At the core of Fastly is Varnish, an open source web accelerator that's designed for high-performance content delivery. Varnish is the key to being able to accelerate dynamic content, APIs, and logic at the edge". - Benefits of Using Varnish)
Varnish has a domain specific language called VCL (Varnish Configuration Language) that lets you influence how each request is being handled.
Here at HUMAN, we value code quality. After writing our application logic in VCL, we needed to test it. Since Fastly extended Varnish greatly and integrated it deep into their platform, we cannot simply run our logic inside a local varnish instance and run our tests there.
So, the natural thing to do was writing a full-featured End-to-End testing suite. After writing some tests, we ran into a problem - How can we know that our tests really cover all of the important flows and logic?
In this post we will:
If you prefer to dive straight into the source code, we open sourced it, so enjoy: https://github.com/PerimeterX/remote-code-cover
I assume you have basic familiarity with the Fastly Platform, VCL and Python. But even if you don't, you will still learn the conpect - which is the most important.
"Instrumentation refers to an ability to monitor or measure the level of a product's performance, to diagnose errors, and to write trace information." - Wikipedia.
What instrumentation practically aims to achieve is tracking the execution of the code during runtime.
There are generally two types of instrumentation techniques:
Offline instrumentation is a technique to modify the source code or the byte code at compile time in order to track the execution of the code at runtime. In practice, this means that the code coverage tool injects data collector calls into your source or byte code to record if a line was executed or not.
This instrumentation process happens on-the-fly during class loading by using a special agent or a special ClassLoader so the source/byte code remains untouched.
Reference: https://medium.com/@jonatan_ivanov/code-coverage-not-only-for-unit-tests-419f3c73d00
As you probably guessed, instrumentation is what allows us to analyze test coverage, and this is what we needed for our End-to-end tests to understand their real effectiveness.

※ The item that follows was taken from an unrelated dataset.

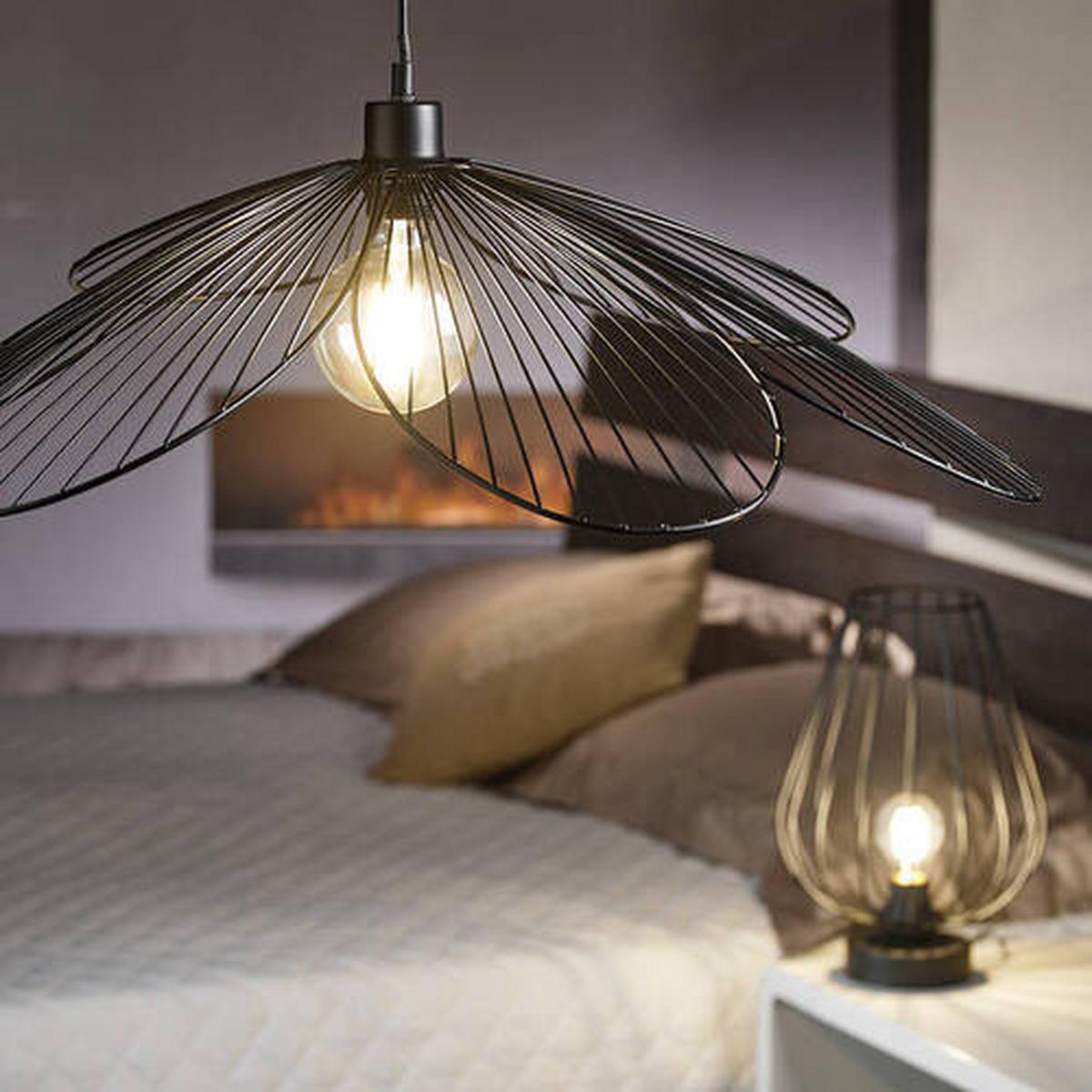 Hängeleuchte Fiore Schwarz max. 22 Watt - Schwarz, Design, Metall (83/107cm)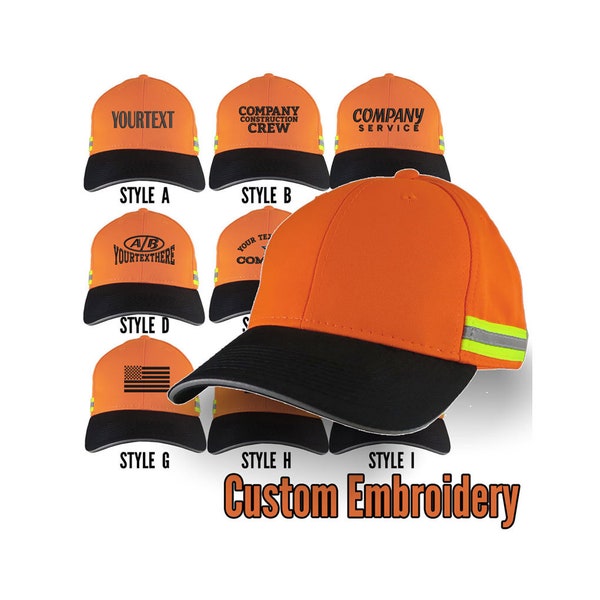 Custom Personalized Black Embroidery on an Adjustable Safety Orange Reflective Full Fit Baseball Cap Choice of 9 Front Construction Decors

Let's get to business. We will now walk through the creation of an offline instrumentation library for VCL that allowed us to get the following results for our tests:
Most of the offline instrumentation tools out there initialize some global in-memory data structure and inject logic to the source code to update that data structure in every line of code when it's executed.
Since Varnish does not keep state between requests, and the only way to transfer data between subroutines is using headers which is costly in memory (Varnish workspace), we decided to utilize local variables and logging (via Syslog) to send instrumentation tracing data during runtime. Let's see an example:
Original Code:
sub vcl_recv {
#FASTLY recv
if (req.method != "HEAD" && req.method != "GET" && req.method != "FASTLYPURGE") {
return(pass);
}
return(lookup);
}
Instrumented Code:
sub vcl_recv {
declare local var.log_8 BOOL;
declare local var.log_5 BOOL;
declare local var.log_4 BOOL;
#FASTLY recv
set var.log_4 = true;
if (req.request != "HEAD" && req.request != "GET" && req.request != "FASTLYPURGE") {
set var.log_5 = true;
log "syslog " req.service_id " Px-Instrumentation :: main," + if(var.log_4, "4 ", "") + if(var.log_5, "5 ", "");
return(pass);
}
set var.log_8 = true;
log "syslog " req.service_id " Px-Instrumentation :: main," + if(var.log_4, "4 ", "") + if(var.log_5, "5 ", "") + if(var.log_8, "8 ", "");
return(lookup);
log "syslog " req.service_id " Px-Instrumentation :: main," + if(var.log_4, "4 ", "") + if(var.log_5, "5 ", "") + if(var.log_8, "8 ", "");
}
So, what happened here?
var.log_N
to true
to indicate that this line was executed.If we call our endpoint with a GET request, we see the following log lines in our syslog endpoint:
...
Feb 28 13:46:05 cache-fra19141 Px-Instrumentation[380410]: main,4 8
...
And indeed, after parsing these logs nicely in HTML we ended up with:
From here, we can easily extend our analysis and use-cases further:
Important note: it's probably not a good idea to upload instrumented code to a production environment. Under heavy load, all of these Syslogs will probably not behave well.
To integrate this method well with our End-to-End testing framework, we needed to automate the whole instrumentation and report generation process.
To accomplish this, we built a python CLI application with a simple "cover" command that does everything for us. The main flow of the application:
Let's see how it's done, step-by-step (for the sake of brevity some of the helper methods are removed):
This is easily done via Fastly's REST API:
def get_all_custom_vcls(service_id, version):
url = 'https://api.fastly.com/service/{}/version/{}/vcl'.format(service_id, version)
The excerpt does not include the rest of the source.